In 1995, Peter founded his own construction company, Freed Development Corp., and started building custom homes. In 1997, with the help of an investor, Freed assembled a package of land in North York and began building town homes. And so it begins.
Fascinated by architecture, contemporary art, fashion and music and inspired by his travels, Peter imagines the possibilities of a site and its potential. In 2000, just as Toronto’s King Street West district began attracting creative agencies with its abandoned, brick-and-beam warehouses and the first signs of an entertainment district began to emerge, Peter immediately grasped its possibilities.

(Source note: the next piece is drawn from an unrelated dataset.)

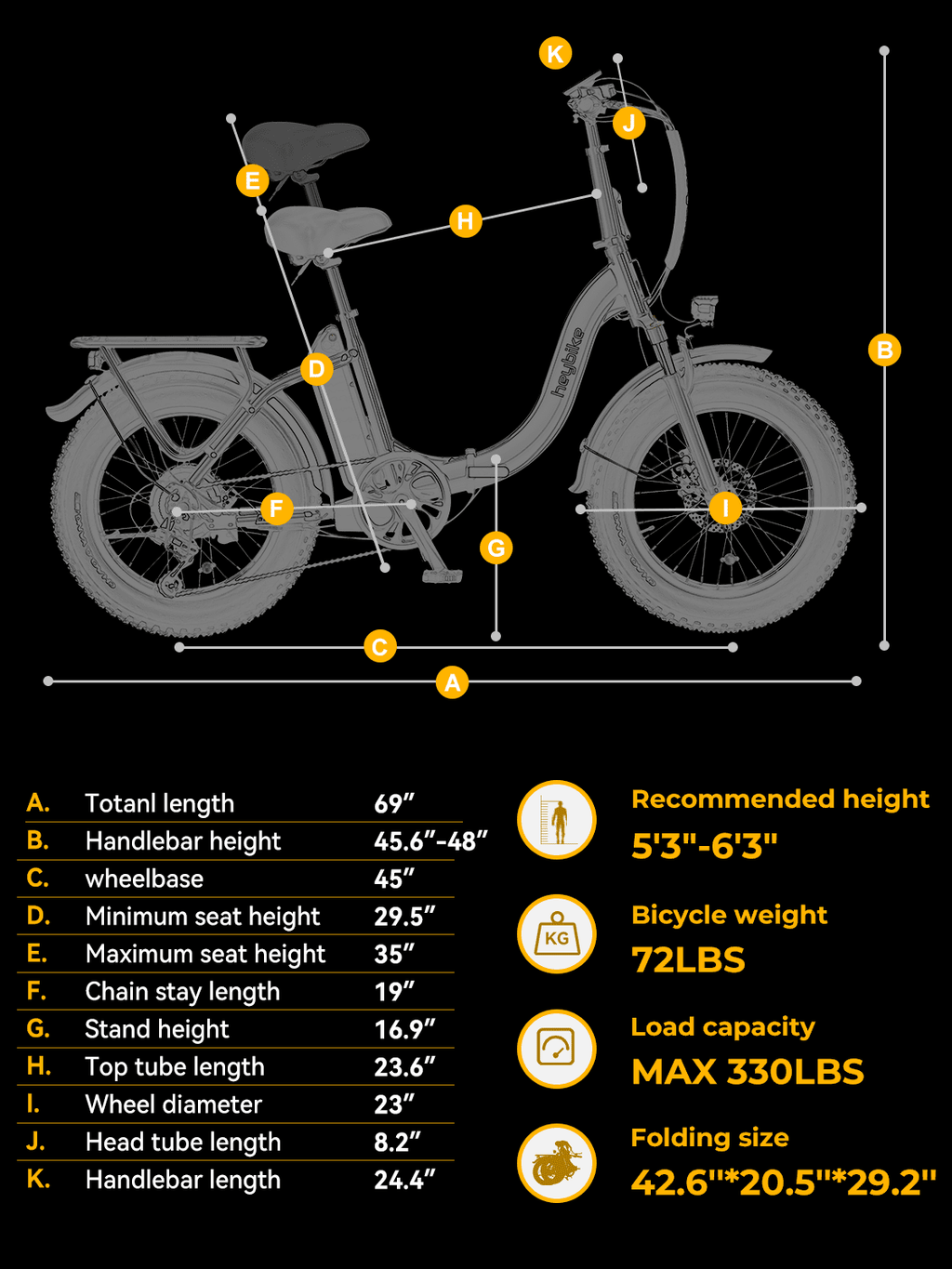 Heybike Ranger 2.0 Electric Bike for Adults, 1400W Peak Motor Foldable Ebike with 600Wh Removable Battery, 20 Fat Tire All-Terrain Electric Bicycle with Front Suspension, UL 2849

“Just like New York’s meatpacking district, it had all the elements that would attract the kind of people who are at one with everything the city has to offer,” says Peter. The ground was broken for 66 Portland, Peter’s first attempt at an “urban playground where people can live, work and play” in 2003. Since then, Peter has crafted a community of nine design-centric buildings, each with their own unique attitude, within nine city blocks of the district.
From a company of one, Peter now heads a vertically and horizontally integrated progressive lifestyle company with 650 employees over several divisions that is quickly approaching a billion dollars in development. He has won numerous design awards, been recognized nationally and was recently named CEO of the Year at the 2010 Design Exchange Awards. Peter has emerged as Canada’s premier lifestyle developer—a pioneer who bridges the gap between design, architecture and the experience he wants his buyers to have in the environments he creates. Explaining Freed Development’s success in the Toronto condo market, Peter says, “People are tired of the old commodity-type offering that’s prevailed for far too long.”
Whereas a traditional condo developer might consider his or her project a success, when, in Peter’s words, “the phone finally stopped ringing at the end of construction,” in the Freed vision, the relationship is turned on its head, so that his buyers become invested in a long-term relationship involving restaurants, retail and a concierge model, in which his buyers become the stakeholders.
Says Peter: “We want to overdeliver. We approach all our projects that way. At the end of the day, what is important is that we are creating something—one building at a time.”